What interests me in addition to the reconfiguration and subdivision of the free-space is the sites ongoing relationship with the circulation of domestic consumer goods from a supermarket/megastore outlet to the present storage of surplus consumptive debris. This appears not only in City Self Storage but also in the second-hand store which has been configured in the fashion of an IKEA – a series of furnished rooms without walls.
From one of the archive photos available on Wikipedia one can see that the large service ramps which lead to the underground system start in the customer carpark. This is peculiar in the sense that the public
space of the carpark and front of house to OBS! was part of the image of delivering and collecting goods.
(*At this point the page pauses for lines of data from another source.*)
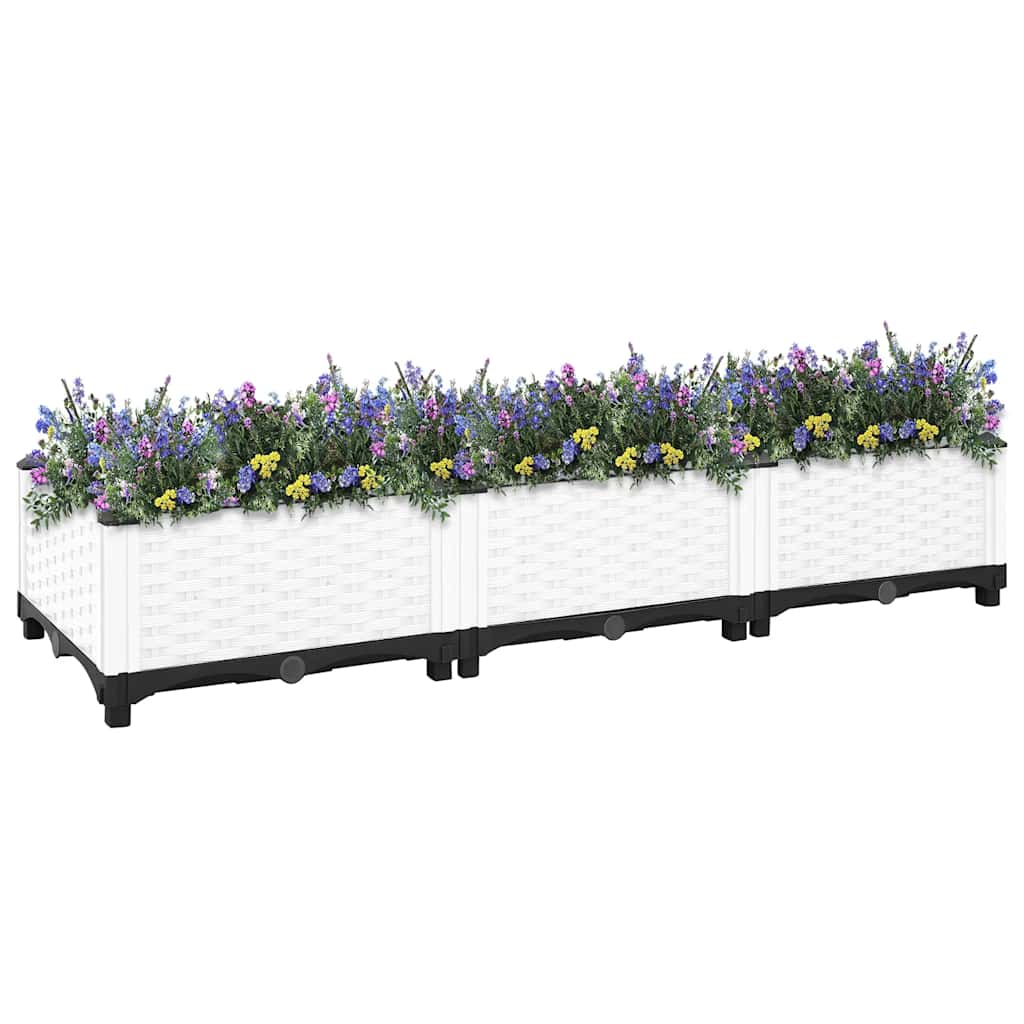 Jardinière surélevée 120x40x23 cm en polypropylène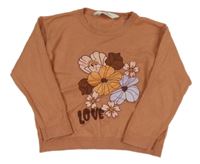 Staroružový sveter s kvetmi H&M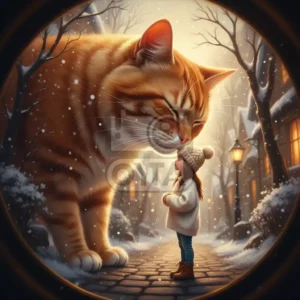 Девочка с котом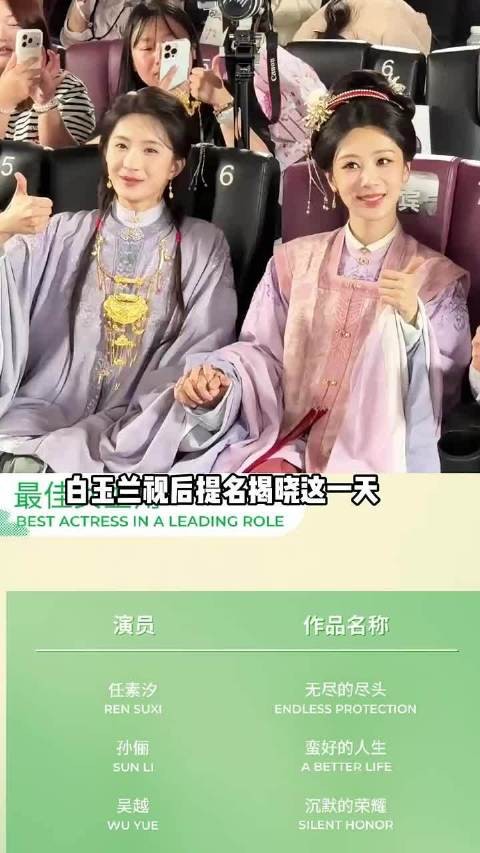 白玉兰入围公布，实至名归，在杨紫身上体现的淋漓尽致 杨幂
In regard to the storage environment; while beautifully branded with a bold corporate colour choice; there is something slightly sinister about its material composition. A space of containment constructed out of off the shelf industrial systems and rhythmed with padlocks.
Access in and out of the storage facility is via a variety of automated folding and sliding security doors. When entering your personal access code, the system flashes your name and “Welcome” or “Goodbye” as well as informing you of special offers! A jolly language of semi-automated periphery. Once underneath its hard work not to get lost, which I did briefly, in video.